Adam & Steve
Directed by Craig Chester. Starring Craig Chester, Malcolm Gets, Parker Posey, Chris Kattan, Melinda Dillon, Paul Sand, Sally Kirkland, Julie Hagerty. (2006, NR, 99 min.)
REVIEWED By Marrit Ingman, Fri., April 7, 2006
Are you sitting down? You should be, for here we have a real surprise: a gay couples’ relationship movie with a lovely supporting cast, considerable insight into the trouble thirtysomethings have staying together, and absolutely no coming-out agony. It’s the most honest, refreshing comedy about love – gay, straight, or both – I’ve seen in many moons, and at the end everyone’s problems are solved by a country & western dance battle with drag doyenne Jackie Beat on the mic. Right on. Adam (Chester) is an awkward Long Island goth – “Rex Havoc,” he calls himself – when he meets Steve (Gets) at Danceteria in 1987. The attraction is instant, and before the night is through Adam is hoovering up Steve’s coke and pawing his body-glittered pecs. But there’s an embarrassing accident – let’s just leave it at that – and they don’t meet again for 17 years. When they do, can they make it work – older, wiser, and sober? They’ll meet the parents, which brings in Dillon and Hagerty – wonderful comic actresses who’ve been abandoned to sheer crap (think: Freddy Got Fingered) since they’re over 50, but this small, independent production with heart appreciates them.
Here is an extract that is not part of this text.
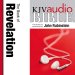 Pure Voice Audio Bible - King James Version, KJV: (38) Revelation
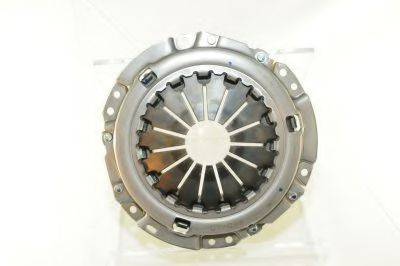 AISIN CT-055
Some of the jokes are awfully lowbrow, but the movie is warm and relaxed, never mean-spirited, so it doesn’t hurt to laugh at its characters’ humiliating missteps en route to true love. (Or as Adam defines it, “OK sex with the same person on a regular basis.”) Its goofy but good-hearted tone recalls 1997’s Kiss Me, Guido, a crossover cult hit co-starring Chester in the plum part of bitchy best friend. (Here, Posey fits the bitchy-best-friend bill beautifully.) Because he’s been knocking around with Christine Vachon for ages, Chester is more assured in front of the camera than behind it, but his writing and directing debut is still a breezy lark with date-movie potential for all occasions and persuasions.